Treating Maths Anxiety: Un-learning Beliefs and Building Self-efficacy

Mathematics anxiety is the apprehension and crippling fear of doing maths, whether it be in a maths classroom or taking a test. Like many anxieties, the central problematic behaviour is avoidance. Anxiety itself is an adaptive trait to protect us from possible harms. Our past experiences teach us about dangers, and we do everything in our power to avoid them.

Treating Math Anxiety

Anxiety helps us perceive future threats and avoid them, an adaptive trait often misapplied in our modern world.

We often feel anxious about things that can’t actually harm us, and the avoidance that occurs because of the anxiety can, ironically, often lead to the bad outcome we originally feared.
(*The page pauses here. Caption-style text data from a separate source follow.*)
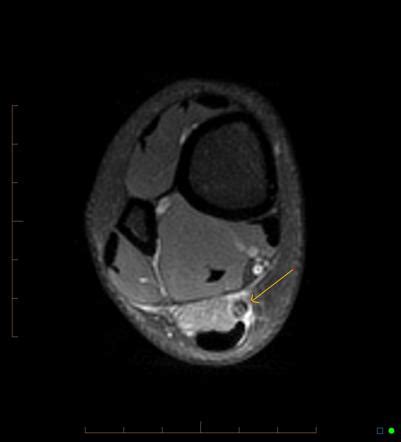 Plantaris Tendon Rupture Mri | SexiezPicz Web Porn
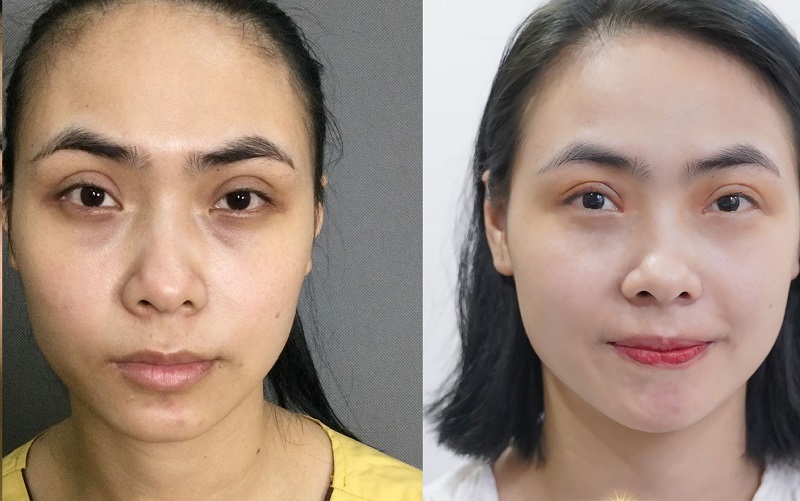 Thẩm mỹ viện Phú Xuân sở hữu đội ngũ bác sĩ chuyên nghiệp, tay nghề giỏi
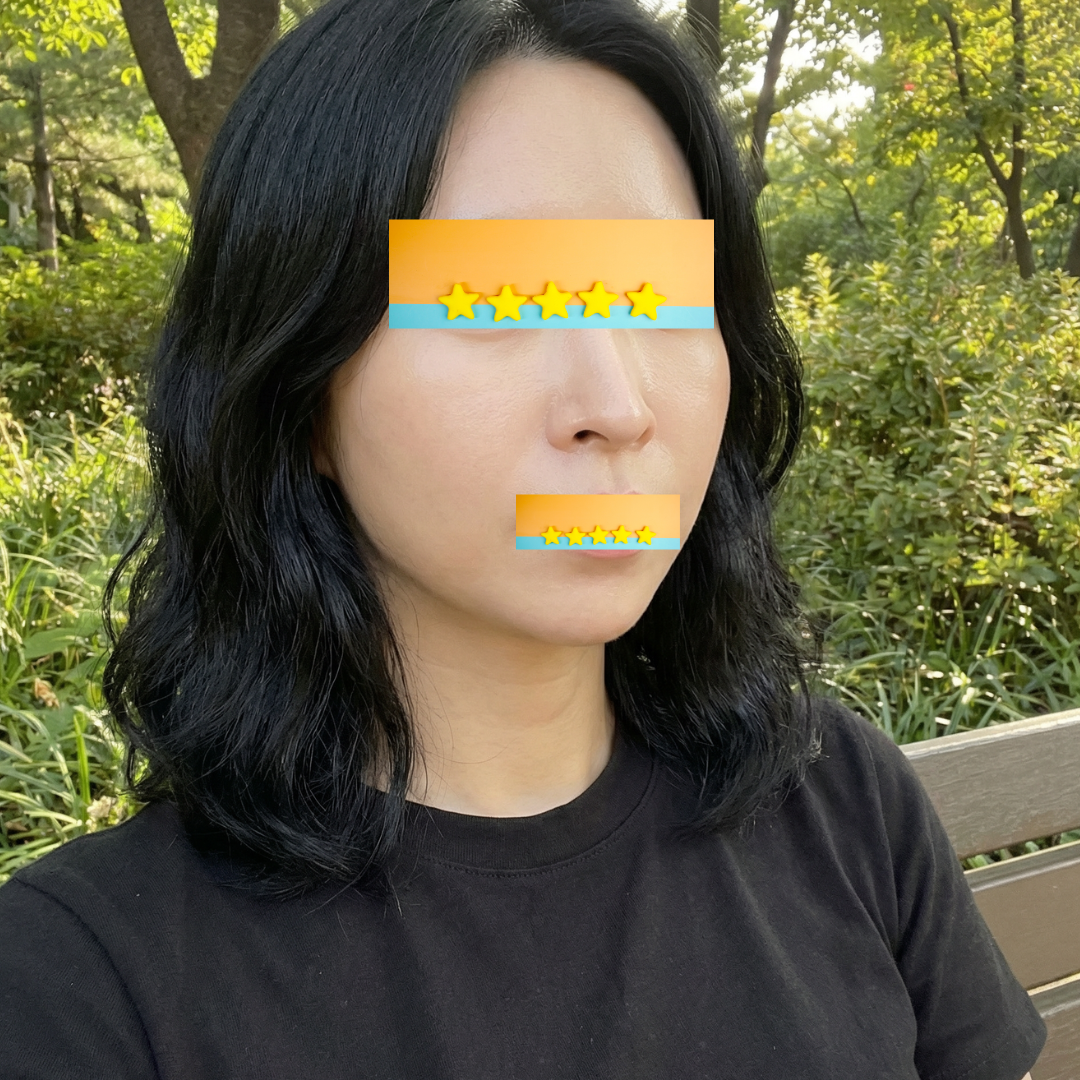 수술후기이미지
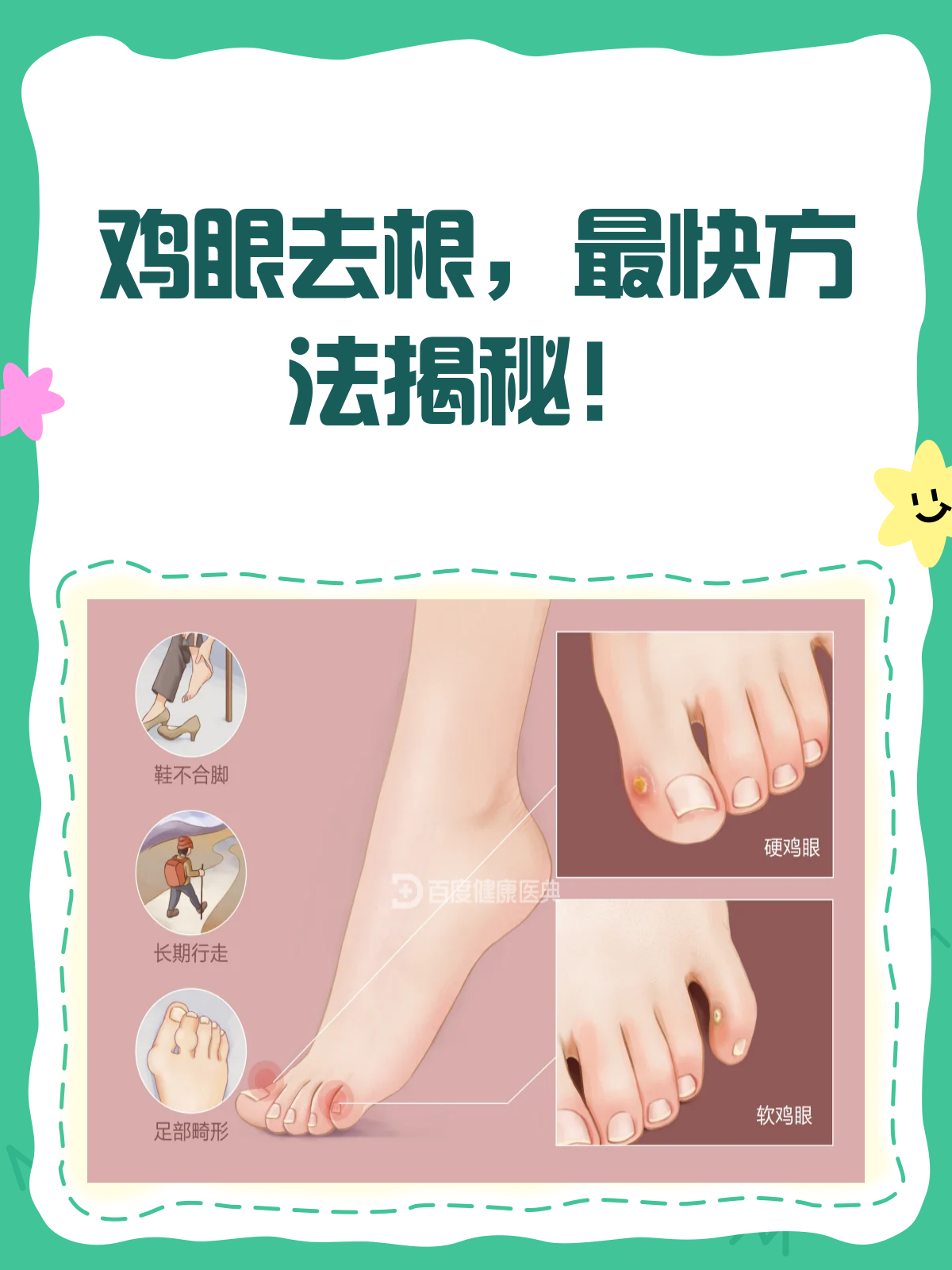 鸡眼去根最快方法揭秘!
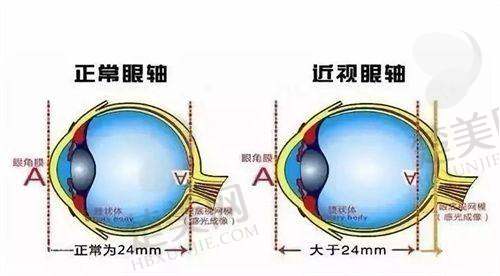 五、哈尔滨华厦眼科医院的价格参考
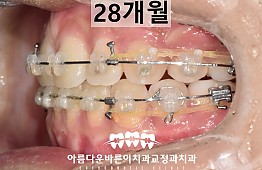 수술후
In the case of maths anxiety, the fear of failure, or public embarrassment due to getting a question wrong, is self-fulfilled by the avoidance of maths learning situations. Students avoid maths by ‘turning off’ in class, ignoring their teacher, avoiding homework, or even truanting. The natural outcome of avoiding learning maths is to weaken their ability and miss out on learning new content, furthering their original problem and reinforcing their own beliefs in their lack of mathematical ability. The anxiety associated with maths increases. Maths anxiety is a crippling, cyclic, self-fulfilling prophecy

So, what can you we about it? If you, your child or your students are suffering from maths anxiety, how can we break that cycle of negative self-belief, which leads to poor performance, in turn reinforcing the negative self-beliefs and associated anxiety?

Stop it at the start

Stop from the startOf course, in an ideal world we would aim to prevent children from developing maths anxiety in the first place. For this to occur, maths education from an early age should be fun, applicable to real life, and full of encouragement of successes – avoiding negative criticism. Often the ‘absolute wrongness’ of a big red cross on a maths question feels so serious and permanent. Children should be encouraged that it’s ok to make mistakes and that they should focus on what they got right. Getting a question wrong in maths doesn’t mean you can’t do it, just that you haven’t mastered that specific skill YET.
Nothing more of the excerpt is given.